-- Dataset records follows --

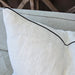 Olga Linen Cotton Cushion 55cm Square - White with Black Piping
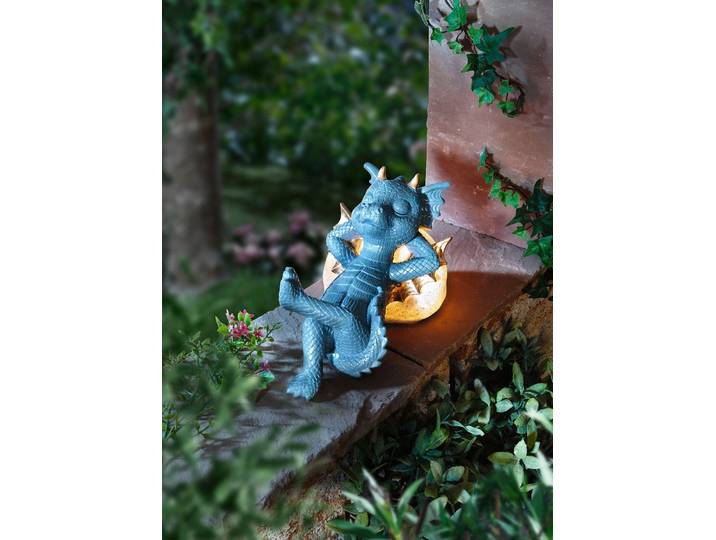 Drache auf LED-Stein, Anthrazit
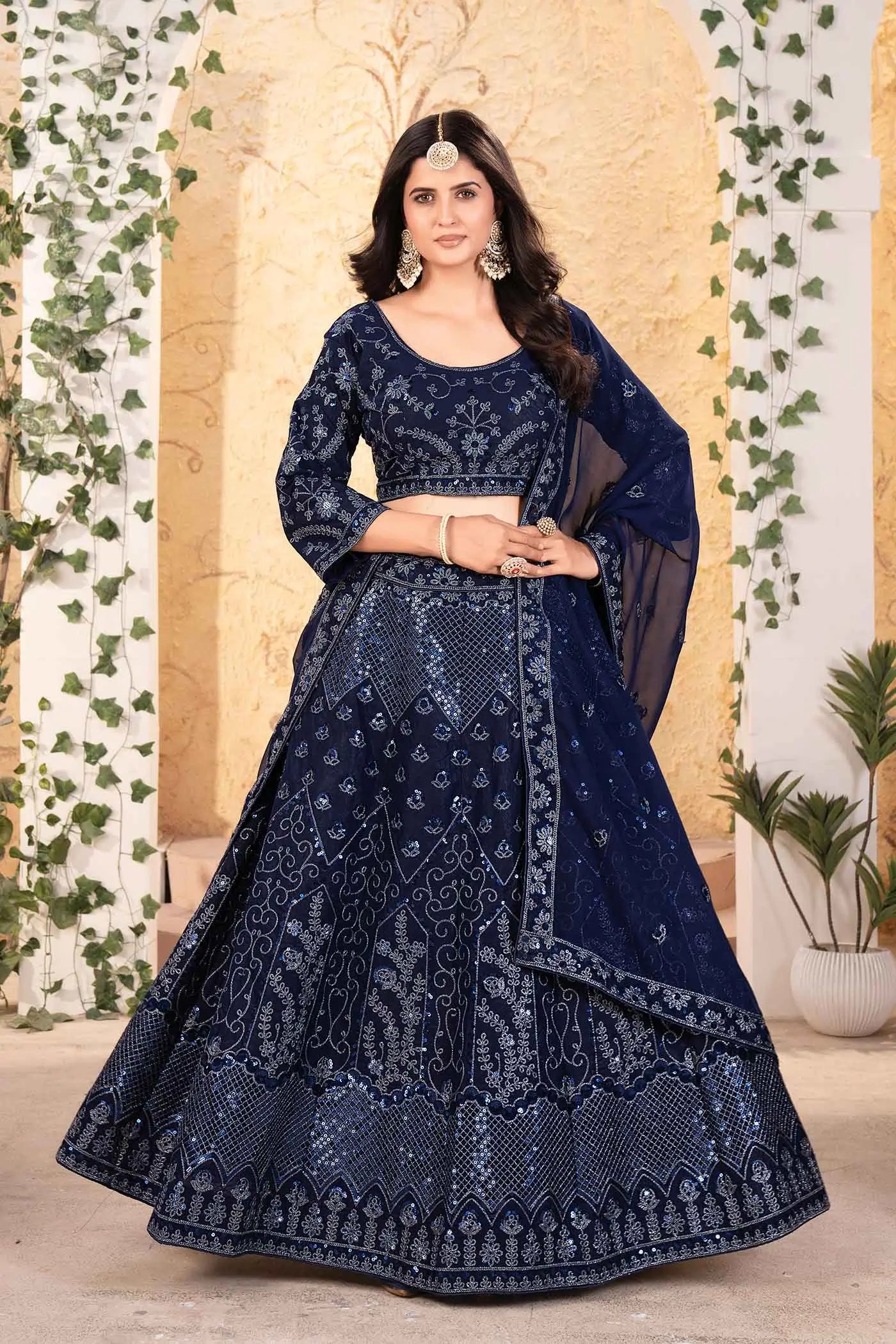 Navy Blue Glitter Dori Heavy Sequins Work Georgette Party Wear Lehenga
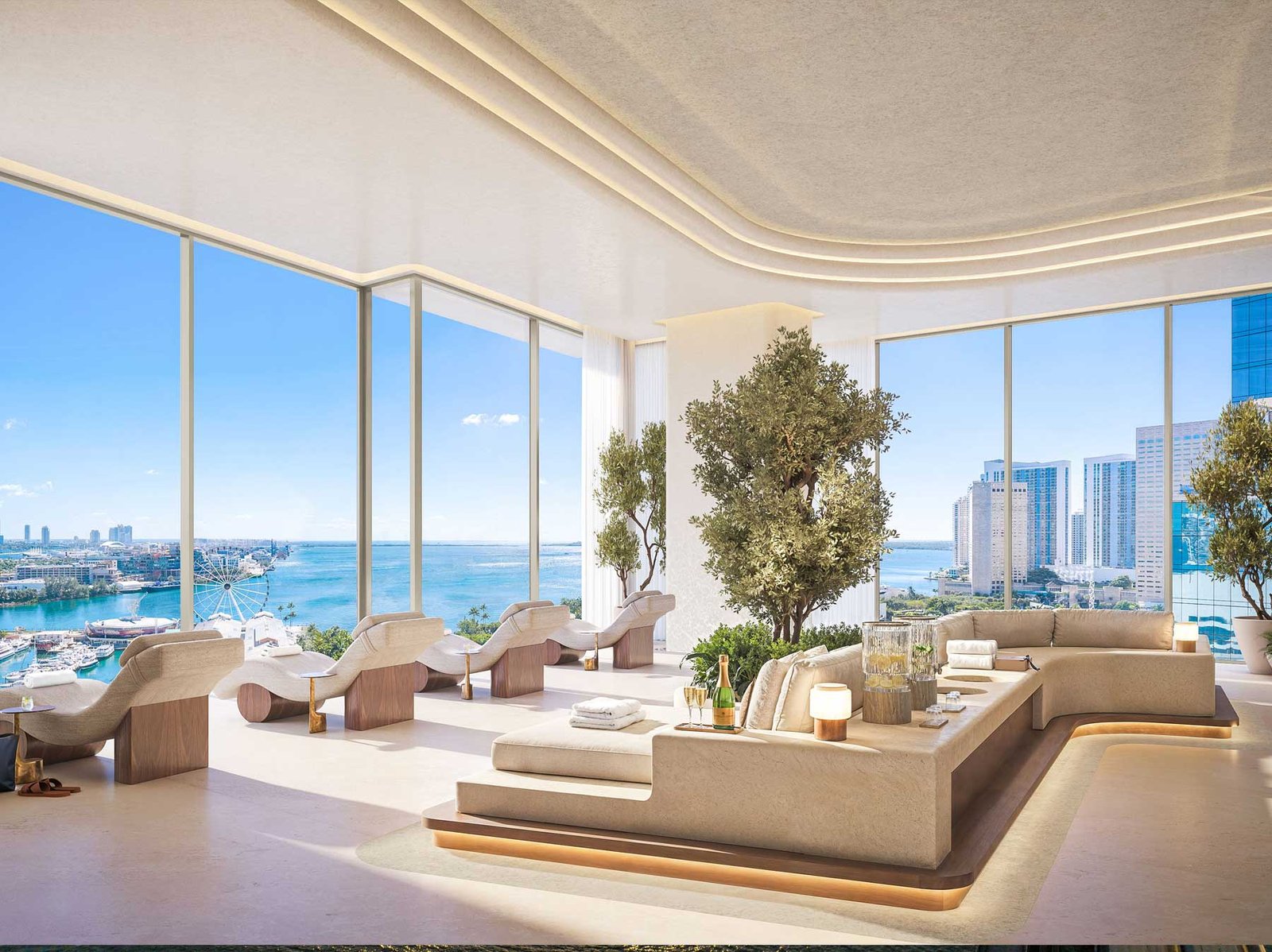 Delano Residences Miami amenity level — developer rendering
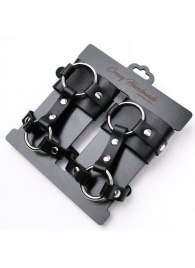 Черные наручники с креплением на кисть руки - Crazy Handmade - купить с доставкой в Батайске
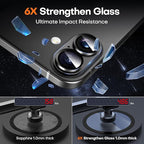 Camera Lens Protector for iPhone 16/16 Plus, Aluminum Alloy Sapphire Glass Camera Screen Cover, Case Friendly- Black Titanium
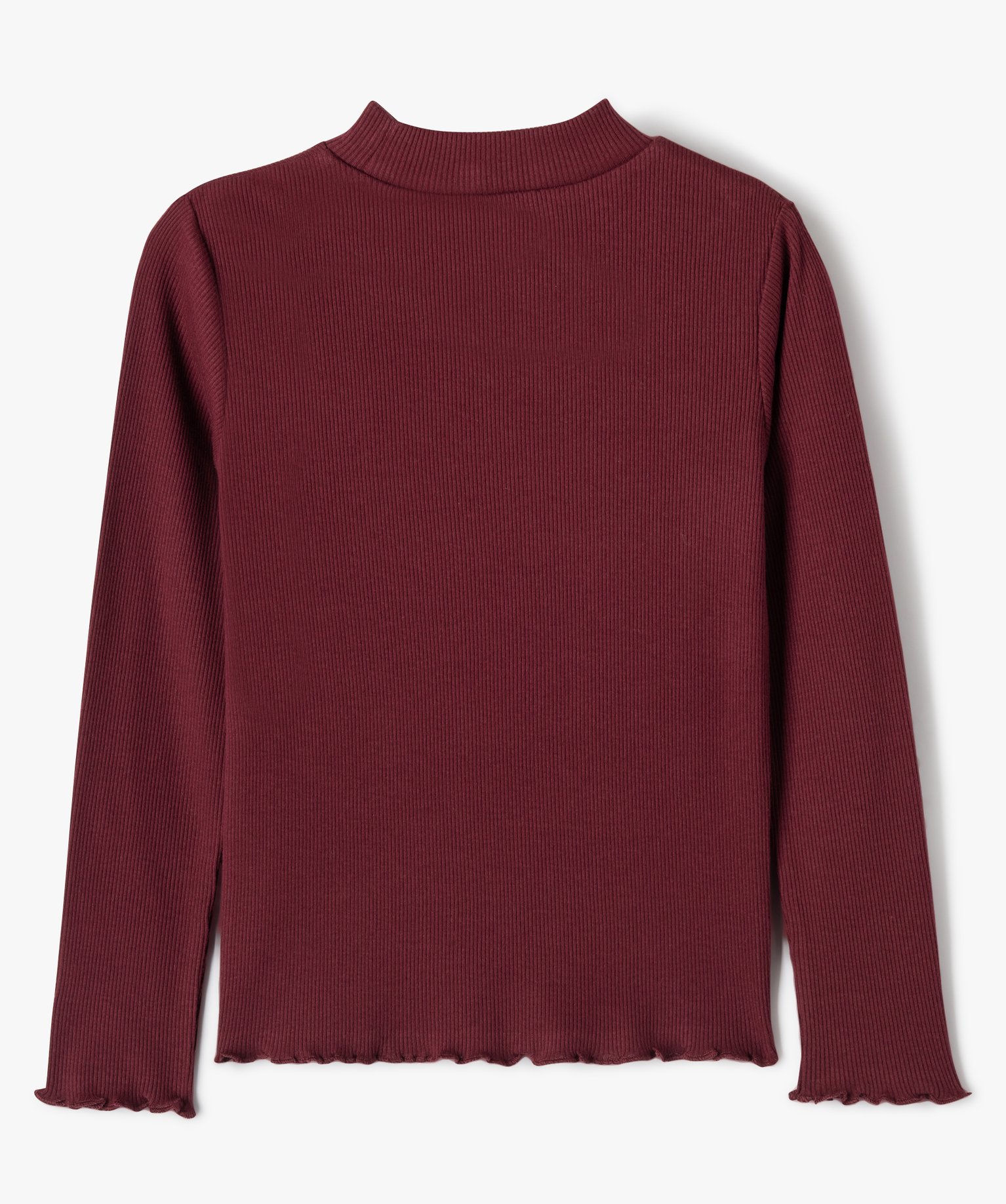 Tee-shirt à manches longues en maille ctelée fille rouge fonce | GEMO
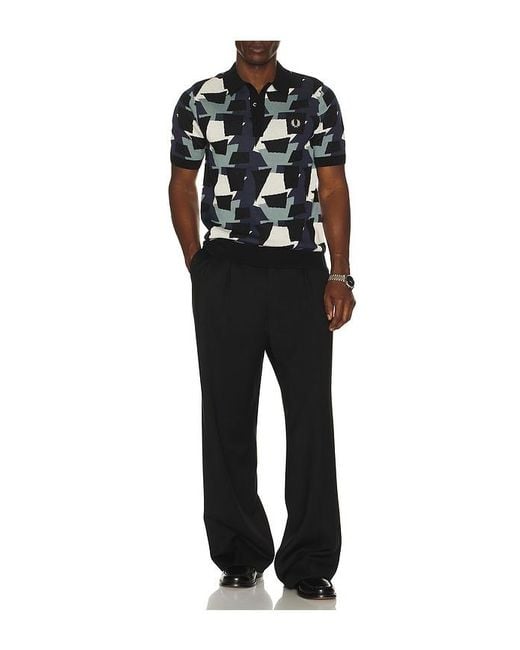 Fred Perry Black Fragment Jacquard Knit Polo Shirt for men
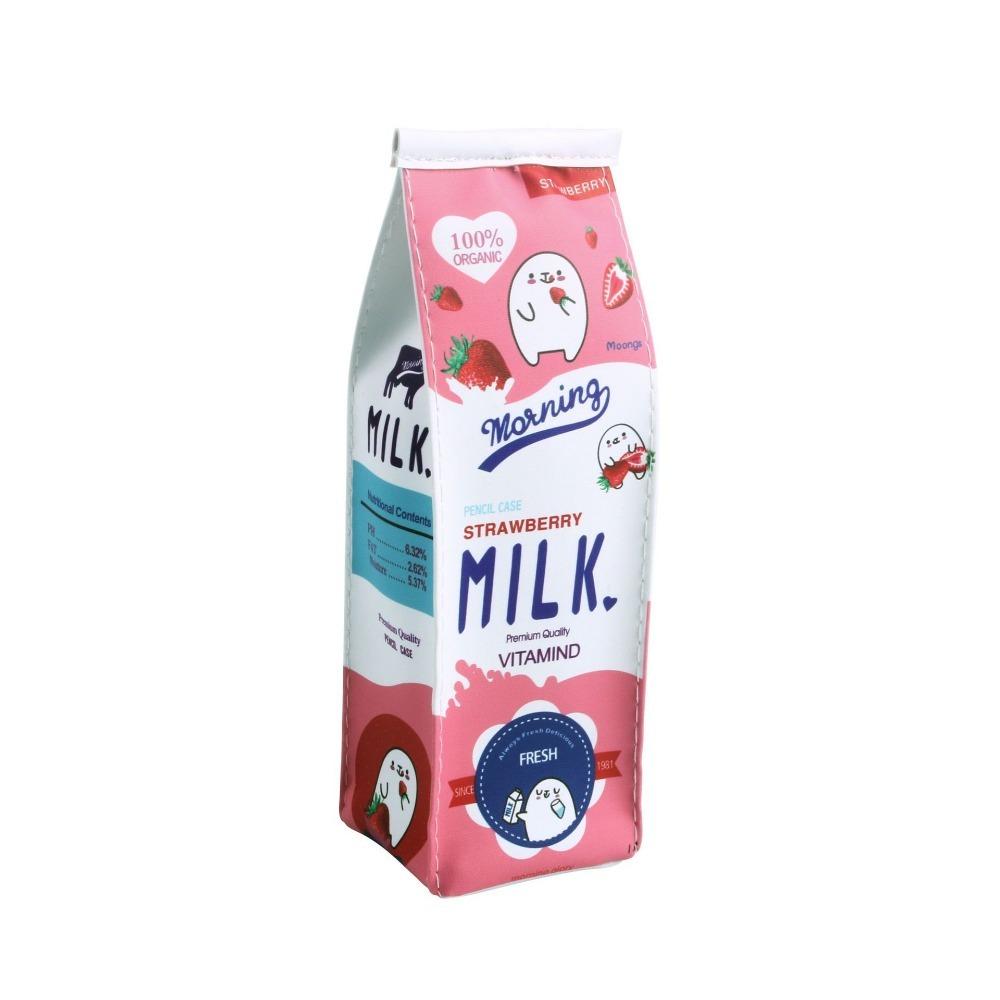 PU Leather Waterproof School Stationery Office Supply Cartoon Morning Milk Pen Bag Pencil Case Pencil Box Fruit Milk Carton
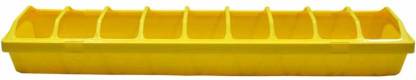 Taiyo Pluss Discovery Chicken Food Feeder, Size: (51X10X6 cm) (LXWXH), Poultry Trough Food Feeding Tray with Holes, Poultry Chicken Feeder Trough Tool Farming Tool, Suitable for Hen, Chick (Yellow) Common Bird Feeder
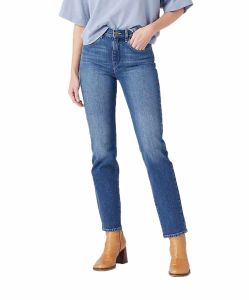 Wrangler Straight Jeans in blau mit mittelhohen Bund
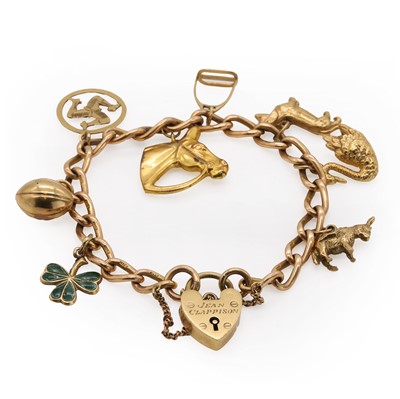 Lot 337 - A gold charm bracelet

-- Dataset records concluded --

Return only the line with "Camera Lens Protector" and the lines after it up to the end of the records, exact and free of pictures.

Output for this task:
 Camera Lens Protector for iPhone 16/16 Plus, Aluminum Alloy Sapphire Glass Camera Screen Cover, Case Friendly- Black Titanium
 Tee-shirt à manches longues en maille ctelée fille rouge fonce | GEMO
 Fred Perry Black Fragment Jacquard Knit Polo Shirt for men
 PU Leather Waterproof School Stationery Office Supply Cartoon Morning Milk Pen Bag Pencil Case Pencil Box Fruit Milk Carton
 Taiyo Pluss Discovery Chicken Food Feeder, Size: (51X10X6 cm) (LXWXH), Poultry Trough Food Feeding Tray with Holes, Poultry Chicken Feeder Trough Tool Farming Tool, Suitable for Hen, Chick (Yellow) Common Bird Feeder
 Wrangler Straight Jeans in blau mit mittelhohen Bund
 Lot 337 - A gold charm bracelet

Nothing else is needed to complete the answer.